Qu’est-ce qui caractérise le girl dinner ?

Essentiellement, tout et n’importe quoi. Le girl dinner est un repas qui implique un strict minimum de préparation et de cuisson. Encore mieux s’il se mange directement de la boîte ou du sac.

Souvent, le résultat est une combinaison d’aliments variés qui ne vont pas nécessairement ensemble. Un bol de maïs soufflé avec des gaufres surgelées ? Une conserve de thon avec des craquelins et du fromage en grains ? Vous avez un girl dinner !

« C’est un repas qui demande peu d’énergie et qui se compose de tout ce qu’une personne a envie de manger », résume Olivia Maher en entrevue avec La Presse. Sa vidéo est née d’une expérience tout à fait banale. « Mon copain était parti pour la soirée. Je mangeais directement sur le comptoir de la cuisine et je me disais que je ne devais pas être la seule à faire ça ! », raconte la créatrice de contenu de 28 ans.

D’accord, c’est manger des restants, quoi… 

Certes. La tendance n’invente pas le fait de manger ce qui traîne dans le réfrigérateur parce qu’on a la flemme de cuisiner. Mais justement. Pourquoi des jeunes femmes le revendiquent-elles soudainement ? « Les gens, et les femmes en particulier, se sont fait dire toute leur vie ce qu’il fallait manger et surtout ce qu’il ne fallait pas manger », observe Olivia Maher. En ligne, elles se font constamment rappeler qu’elles doivent manger équilibré, éviter les aliments transformés, cuisiner le plus possible, surveiller leur ligne… Le rythme est difficile à suivre. Et c’est ce que dénonce la tendance. Il est difficile de cuisiner tous les soirs selon les recommandations du Guide alimentaire canadien. « Il y a des femmes qui voient ça comme une façon de se réapproprier leurs envies.
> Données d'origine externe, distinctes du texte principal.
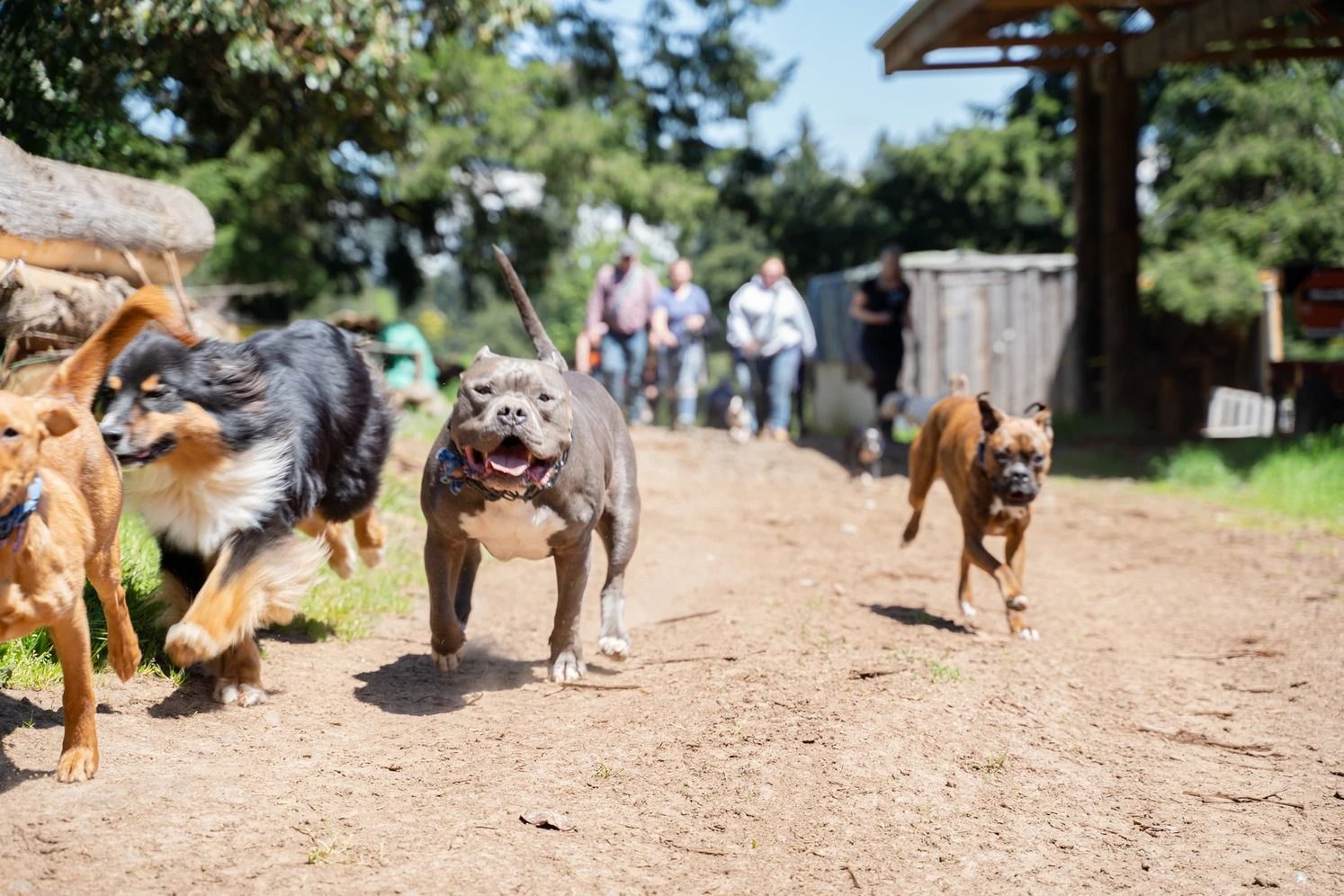 Dog training service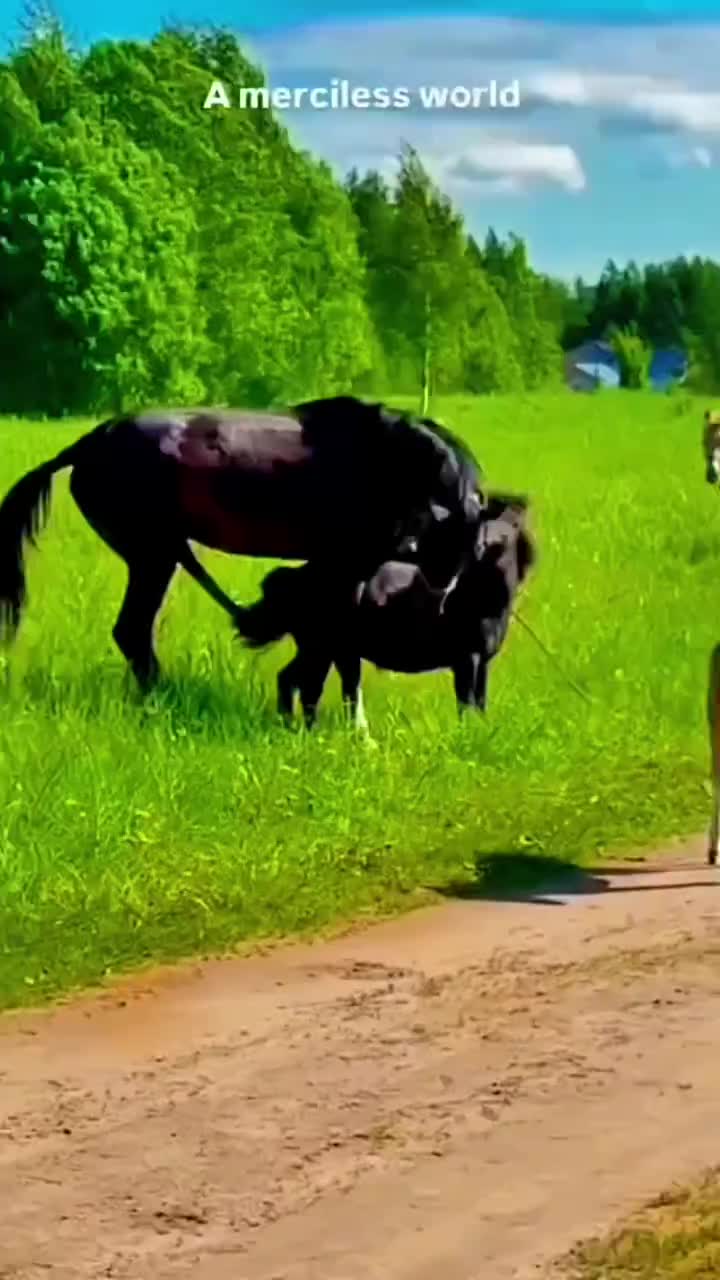 @carzzy fucker
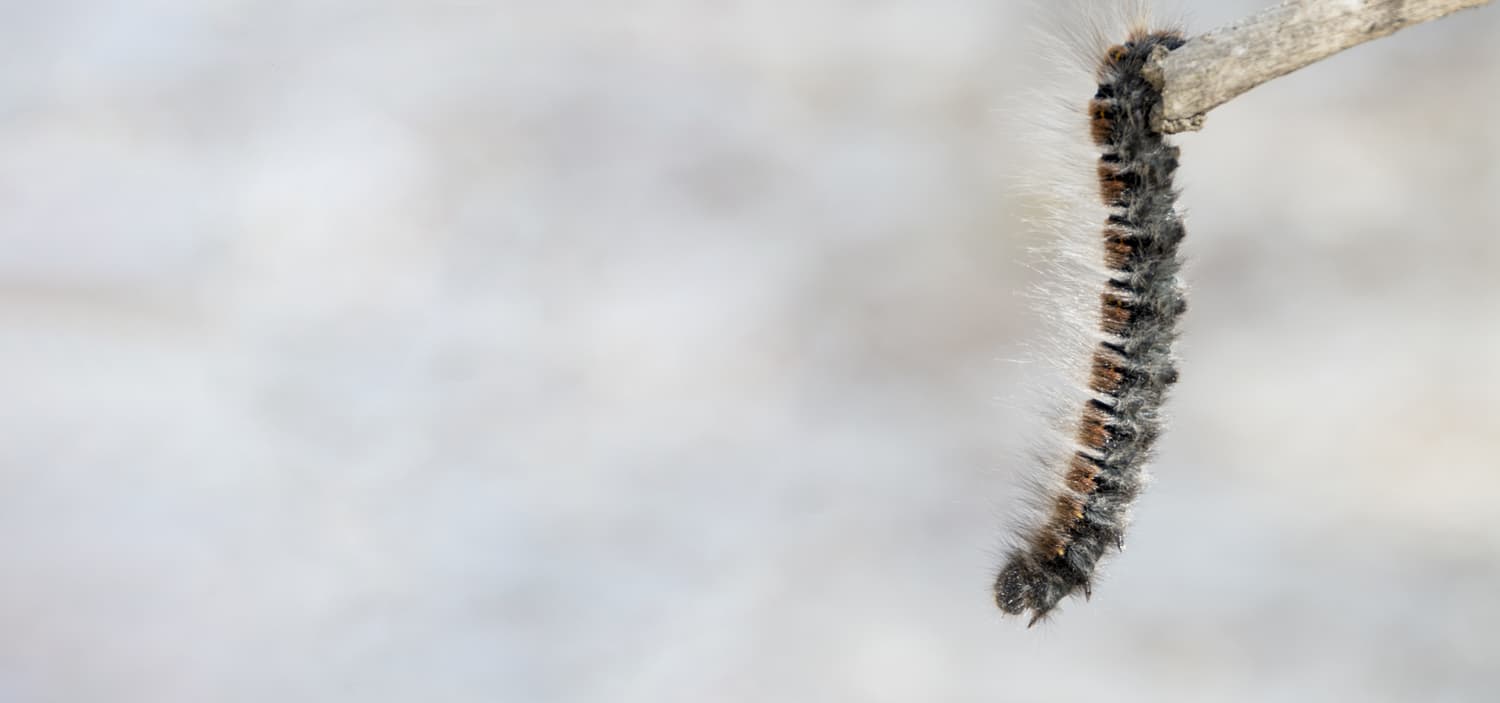 chenille processionnaire chien temps de réaction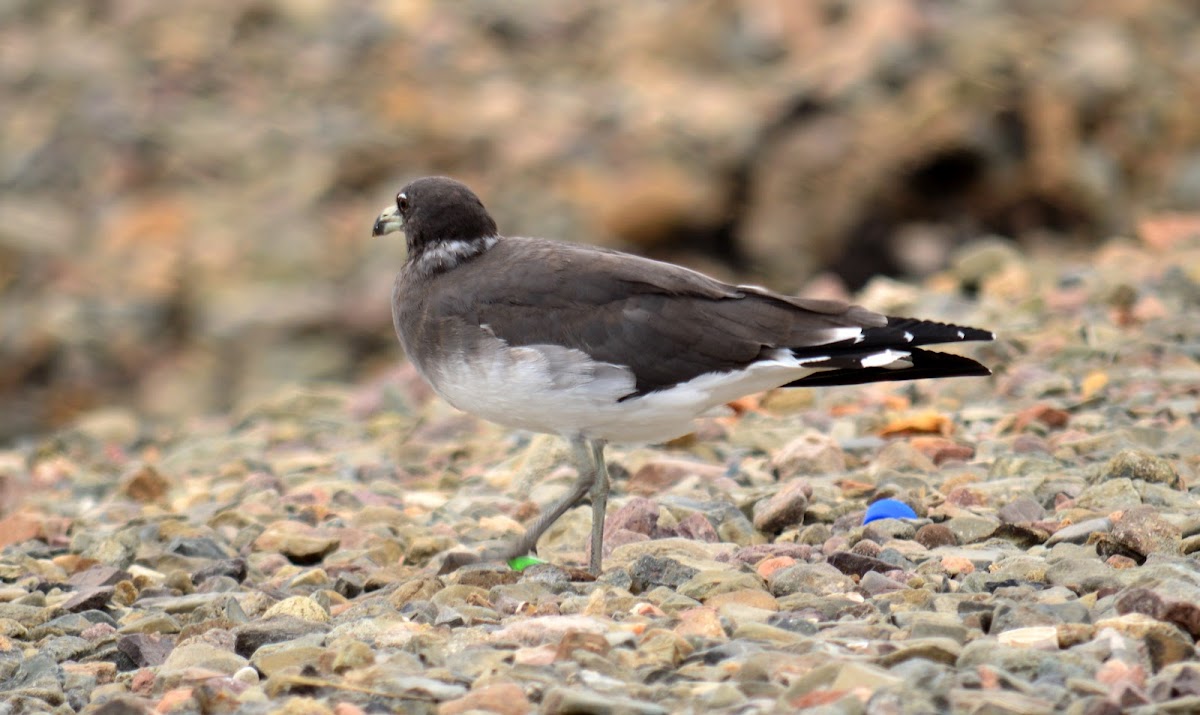 Sooty Gull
Ce qui est important, c’est le sentiment d’excitation de manger ce dont tu as envie, et pas nécessairement ce dont tu sens que tu as besoin », estime Béatrice Gaudet, professeure de littérature au cégep de Saint-Laurent.
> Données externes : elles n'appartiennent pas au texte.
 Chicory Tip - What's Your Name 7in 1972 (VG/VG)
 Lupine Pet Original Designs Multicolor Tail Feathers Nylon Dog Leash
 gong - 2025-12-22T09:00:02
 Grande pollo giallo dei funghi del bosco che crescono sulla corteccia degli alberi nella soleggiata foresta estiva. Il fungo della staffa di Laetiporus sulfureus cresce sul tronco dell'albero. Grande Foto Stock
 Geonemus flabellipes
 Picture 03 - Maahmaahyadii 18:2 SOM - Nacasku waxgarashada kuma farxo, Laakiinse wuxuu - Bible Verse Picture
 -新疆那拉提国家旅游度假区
C’est donc un acte politique ?

Si on le souhaite ! Pour certaines, la tendance est une critique de la répartition inégale des tâches domestiques entre les femmes et les hommes, en particulier la charge mentale liée aux repas. Au contraire, le girl dinner est un repas pour le plaisir d’une seule personne. D’ailleurs, la tendance est surtout embrassée par des jeunes femmes célibataires. « Elles ne cuisinent pas pour leur mari ou leurs enfants », fait remarquer Mme Gaudet, qui a fait sa maîtrise en études culturelles. « C’est un rejet des normes sociales liées à l’alimentation », croit pour sa part Bernard Lavallée, nutritionniste et auteur. Selon lui, la popularité du mot-clic est révélatrice.

On est dans un monde où la culpabilité liée à l’alimentation est immense. Il y a beaucoup de gens qui se sont reconnus là-dedans et ça déculpabilise beaucoup.

Bernard Lavallée, nutritionniste et auteur

Car il ne faut pas se sentir coupable de manger ce qui nous tente une fois de temps en temps. « Il n’y a aucun danger ! », s’exclame M. Lavallée.

Pourquoi est-elle critiquée ?

Comme avec n’importe quelle tendance en ligne, certains ont poussé la blague à l’extrême. Par exemple : manger uniquement des cornichons ou boire un Coke Diète pour souper. Conséquence, des nutritionnistes ont critiqué la tendance parce qu’elle encouragerait les troubles alimentaires. C’est vrai, certaines portions ressemblent parfois plus à une collation qu’à un repas. Mais Bernard Lavallée met en garde contre les conclusions hâtives. On ne sait pas ce que la personne a mangé quelques heures avant ou après qu’elle a filmé la vidéo. « Oui, je pense qu’il y a ce risque-là chez des gens qui sont vulnérables, mais je pense que c’est vrai avec n’importe quoi. Il y a toujours des extrêmes », estime-t-il. « Je peux voir où les gens veulent en venir. Mais ce n’est pas ça. C’est simplement de dire que tu n’es pas une ratée parce que tu n’as pas cuisiné ton repas », conclut Olivia Maher.